Locate each line below that includes "Tomato" and reproduce it.

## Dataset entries
- - -
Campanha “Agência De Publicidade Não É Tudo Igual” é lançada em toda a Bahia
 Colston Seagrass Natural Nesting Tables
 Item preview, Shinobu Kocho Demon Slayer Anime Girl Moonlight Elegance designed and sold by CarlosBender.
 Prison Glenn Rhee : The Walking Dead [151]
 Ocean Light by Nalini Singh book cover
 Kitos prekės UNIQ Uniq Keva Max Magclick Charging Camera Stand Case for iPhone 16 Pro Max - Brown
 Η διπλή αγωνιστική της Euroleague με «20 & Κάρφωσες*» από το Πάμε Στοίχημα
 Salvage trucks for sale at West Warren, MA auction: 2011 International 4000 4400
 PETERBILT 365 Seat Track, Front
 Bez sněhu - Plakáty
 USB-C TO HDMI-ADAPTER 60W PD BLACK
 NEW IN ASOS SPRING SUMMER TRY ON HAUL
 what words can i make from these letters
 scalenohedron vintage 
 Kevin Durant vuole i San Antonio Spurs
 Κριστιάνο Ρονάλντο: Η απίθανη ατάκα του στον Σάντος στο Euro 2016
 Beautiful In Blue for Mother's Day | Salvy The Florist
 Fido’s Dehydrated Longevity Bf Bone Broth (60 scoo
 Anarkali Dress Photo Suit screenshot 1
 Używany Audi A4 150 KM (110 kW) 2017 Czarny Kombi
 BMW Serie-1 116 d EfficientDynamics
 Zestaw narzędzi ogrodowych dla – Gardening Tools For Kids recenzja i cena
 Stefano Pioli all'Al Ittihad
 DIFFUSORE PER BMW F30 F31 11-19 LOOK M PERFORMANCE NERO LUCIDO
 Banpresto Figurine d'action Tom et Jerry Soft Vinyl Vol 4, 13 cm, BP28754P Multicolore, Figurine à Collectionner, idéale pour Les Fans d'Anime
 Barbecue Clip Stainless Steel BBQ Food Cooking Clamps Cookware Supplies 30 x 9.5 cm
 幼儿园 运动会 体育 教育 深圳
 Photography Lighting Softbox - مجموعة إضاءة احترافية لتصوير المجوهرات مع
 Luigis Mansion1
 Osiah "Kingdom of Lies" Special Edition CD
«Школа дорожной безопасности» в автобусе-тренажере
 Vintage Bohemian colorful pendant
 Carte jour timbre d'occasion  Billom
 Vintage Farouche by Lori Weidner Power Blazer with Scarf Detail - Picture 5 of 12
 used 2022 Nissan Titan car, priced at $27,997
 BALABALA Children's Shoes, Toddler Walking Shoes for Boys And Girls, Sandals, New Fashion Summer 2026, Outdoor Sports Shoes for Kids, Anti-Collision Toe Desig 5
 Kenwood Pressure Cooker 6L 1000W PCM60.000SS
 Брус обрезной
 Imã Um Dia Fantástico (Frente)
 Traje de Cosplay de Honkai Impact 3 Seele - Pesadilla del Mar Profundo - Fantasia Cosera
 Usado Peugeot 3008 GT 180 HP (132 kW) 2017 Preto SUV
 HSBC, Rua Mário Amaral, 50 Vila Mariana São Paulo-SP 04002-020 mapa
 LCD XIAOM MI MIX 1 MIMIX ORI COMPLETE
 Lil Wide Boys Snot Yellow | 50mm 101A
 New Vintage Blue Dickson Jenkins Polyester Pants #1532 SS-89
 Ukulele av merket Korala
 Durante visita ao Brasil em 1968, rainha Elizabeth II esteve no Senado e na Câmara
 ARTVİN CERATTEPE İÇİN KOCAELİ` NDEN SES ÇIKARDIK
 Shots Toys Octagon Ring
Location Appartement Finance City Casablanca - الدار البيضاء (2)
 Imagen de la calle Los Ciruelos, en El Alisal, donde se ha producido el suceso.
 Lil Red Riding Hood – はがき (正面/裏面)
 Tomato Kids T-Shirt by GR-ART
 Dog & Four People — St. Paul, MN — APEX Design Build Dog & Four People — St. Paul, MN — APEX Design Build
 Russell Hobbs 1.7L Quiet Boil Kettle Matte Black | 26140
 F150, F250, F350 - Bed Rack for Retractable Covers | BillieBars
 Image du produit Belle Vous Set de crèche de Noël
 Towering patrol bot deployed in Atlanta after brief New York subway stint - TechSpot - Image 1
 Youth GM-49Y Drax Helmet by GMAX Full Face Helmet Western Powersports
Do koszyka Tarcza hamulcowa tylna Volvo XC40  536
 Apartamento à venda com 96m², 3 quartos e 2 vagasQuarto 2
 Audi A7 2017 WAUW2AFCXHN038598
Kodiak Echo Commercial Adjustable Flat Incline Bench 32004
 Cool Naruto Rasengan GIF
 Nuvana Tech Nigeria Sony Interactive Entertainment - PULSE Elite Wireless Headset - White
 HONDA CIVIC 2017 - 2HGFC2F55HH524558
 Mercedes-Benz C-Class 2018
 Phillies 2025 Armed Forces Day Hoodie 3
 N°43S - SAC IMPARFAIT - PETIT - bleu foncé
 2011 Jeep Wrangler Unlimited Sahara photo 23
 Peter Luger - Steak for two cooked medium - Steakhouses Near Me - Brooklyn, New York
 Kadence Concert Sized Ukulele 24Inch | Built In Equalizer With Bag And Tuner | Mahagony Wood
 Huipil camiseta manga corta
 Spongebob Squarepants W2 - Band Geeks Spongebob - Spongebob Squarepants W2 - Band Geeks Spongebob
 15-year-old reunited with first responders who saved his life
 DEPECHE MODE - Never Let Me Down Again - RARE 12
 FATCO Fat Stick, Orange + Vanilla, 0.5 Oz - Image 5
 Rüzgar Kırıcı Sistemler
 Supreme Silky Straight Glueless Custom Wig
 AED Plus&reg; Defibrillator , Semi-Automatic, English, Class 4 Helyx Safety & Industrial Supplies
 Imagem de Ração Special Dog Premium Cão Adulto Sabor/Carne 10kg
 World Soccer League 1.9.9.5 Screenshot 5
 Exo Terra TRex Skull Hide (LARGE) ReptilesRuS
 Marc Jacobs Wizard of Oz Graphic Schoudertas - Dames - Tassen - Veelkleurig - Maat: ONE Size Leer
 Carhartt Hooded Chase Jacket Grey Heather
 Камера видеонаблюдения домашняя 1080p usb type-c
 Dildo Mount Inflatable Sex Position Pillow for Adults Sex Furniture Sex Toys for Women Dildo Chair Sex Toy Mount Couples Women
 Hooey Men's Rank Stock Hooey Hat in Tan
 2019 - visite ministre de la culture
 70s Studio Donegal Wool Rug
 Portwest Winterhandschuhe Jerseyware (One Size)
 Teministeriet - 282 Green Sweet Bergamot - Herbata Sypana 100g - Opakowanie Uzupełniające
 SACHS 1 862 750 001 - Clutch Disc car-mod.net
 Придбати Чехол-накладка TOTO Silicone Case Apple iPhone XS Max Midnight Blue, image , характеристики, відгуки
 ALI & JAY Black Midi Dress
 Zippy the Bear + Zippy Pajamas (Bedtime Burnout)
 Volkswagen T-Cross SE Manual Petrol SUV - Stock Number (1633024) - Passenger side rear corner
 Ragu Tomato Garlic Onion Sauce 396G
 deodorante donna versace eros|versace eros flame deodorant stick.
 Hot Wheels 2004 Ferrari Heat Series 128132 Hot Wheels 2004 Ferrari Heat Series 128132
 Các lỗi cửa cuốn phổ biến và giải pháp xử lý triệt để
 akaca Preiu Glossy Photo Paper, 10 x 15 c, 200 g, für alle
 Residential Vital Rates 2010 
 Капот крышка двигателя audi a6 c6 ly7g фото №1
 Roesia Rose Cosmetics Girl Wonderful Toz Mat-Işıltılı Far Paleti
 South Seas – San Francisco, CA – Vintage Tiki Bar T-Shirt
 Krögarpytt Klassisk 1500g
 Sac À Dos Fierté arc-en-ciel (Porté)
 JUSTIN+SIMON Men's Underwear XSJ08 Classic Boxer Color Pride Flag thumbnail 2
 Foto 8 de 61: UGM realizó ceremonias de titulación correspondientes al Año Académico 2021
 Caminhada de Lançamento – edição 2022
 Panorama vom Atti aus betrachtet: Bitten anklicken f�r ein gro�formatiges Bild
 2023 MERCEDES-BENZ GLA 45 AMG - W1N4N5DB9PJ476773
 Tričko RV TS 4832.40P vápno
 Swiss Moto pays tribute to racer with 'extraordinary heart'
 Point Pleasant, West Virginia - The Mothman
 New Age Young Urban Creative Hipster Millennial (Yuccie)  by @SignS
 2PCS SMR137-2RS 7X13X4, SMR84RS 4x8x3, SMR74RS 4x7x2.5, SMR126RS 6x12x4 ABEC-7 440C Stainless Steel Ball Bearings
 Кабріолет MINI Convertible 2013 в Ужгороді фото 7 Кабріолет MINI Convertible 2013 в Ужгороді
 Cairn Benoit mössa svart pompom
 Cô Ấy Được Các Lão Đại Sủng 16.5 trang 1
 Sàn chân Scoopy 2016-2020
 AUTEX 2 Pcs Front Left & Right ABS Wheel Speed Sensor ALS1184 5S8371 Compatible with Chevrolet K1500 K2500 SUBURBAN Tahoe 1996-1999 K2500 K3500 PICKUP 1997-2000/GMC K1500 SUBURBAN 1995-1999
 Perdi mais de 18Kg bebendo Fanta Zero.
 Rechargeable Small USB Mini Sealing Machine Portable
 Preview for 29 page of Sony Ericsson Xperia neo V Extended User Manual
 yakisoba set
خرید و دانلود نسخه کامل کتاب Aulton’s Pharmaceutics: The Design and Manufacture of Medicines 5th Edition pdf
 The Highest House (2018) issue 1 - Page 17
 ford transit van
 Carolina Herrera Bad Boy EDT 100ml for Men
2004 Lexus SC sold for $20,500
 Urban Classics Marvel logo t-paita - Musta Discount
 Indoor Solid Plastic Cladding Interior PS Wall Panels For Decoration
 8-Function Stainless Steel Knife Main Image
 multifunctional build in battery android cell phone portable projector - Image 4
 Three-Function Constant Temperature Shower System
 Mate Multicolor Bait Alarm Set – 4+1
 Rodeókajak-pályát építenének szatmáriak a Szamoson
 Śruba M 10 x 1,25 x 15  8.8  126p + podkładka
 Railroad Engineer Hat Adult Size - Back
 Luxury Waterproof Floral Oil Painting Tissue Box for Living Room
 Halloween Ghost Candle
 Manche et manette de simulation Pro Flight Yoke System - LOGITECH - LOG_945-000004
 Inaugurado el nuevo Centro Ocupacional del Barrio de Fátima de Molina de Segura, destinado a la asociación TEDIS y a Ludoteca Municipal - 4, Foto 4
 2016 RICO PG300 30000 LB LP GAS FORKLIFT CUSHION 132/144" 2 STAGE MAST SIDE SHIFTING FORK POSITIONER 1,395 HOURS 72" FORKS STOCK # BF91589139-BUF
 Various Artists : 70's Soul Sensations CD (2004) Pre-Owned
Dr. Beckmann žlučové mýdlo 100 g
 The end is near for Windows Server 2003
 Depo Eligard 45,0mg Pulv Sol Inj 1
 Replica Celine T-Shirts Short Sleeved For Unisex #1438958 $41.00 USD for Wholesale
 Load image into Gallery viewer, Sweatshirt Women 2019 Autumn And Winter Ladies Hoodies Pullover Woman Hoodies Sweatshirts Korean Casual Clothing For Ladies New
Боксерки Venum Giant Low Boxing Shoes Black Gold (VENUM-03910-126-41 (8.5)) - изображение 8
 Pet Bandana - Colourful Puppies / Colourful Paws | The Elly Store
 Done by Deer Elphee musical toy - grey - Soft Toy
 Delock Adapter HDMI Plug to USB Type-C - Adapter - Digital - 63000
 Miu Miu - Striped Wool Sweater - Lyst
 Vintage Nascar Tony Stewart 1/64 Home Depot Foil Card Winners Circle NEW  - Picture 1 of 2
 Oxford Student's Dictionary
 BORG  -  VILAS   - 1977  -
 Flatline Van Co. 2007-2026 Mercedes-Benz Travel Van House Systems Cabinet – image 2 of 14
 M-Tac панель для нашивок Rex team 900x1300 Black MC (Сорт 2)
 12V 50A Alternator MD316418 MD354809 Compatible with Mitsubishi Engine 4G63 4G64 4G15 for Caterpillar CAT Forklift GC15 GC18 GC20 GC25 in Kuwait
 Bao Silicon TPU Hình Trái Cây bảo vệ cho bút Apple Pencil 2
- - -
## OUTPUT FOR THIS TASK
 Tomato Kids T-Shirt by GR-ART
 Ragu Tomato Garlic Onion Sauce 396G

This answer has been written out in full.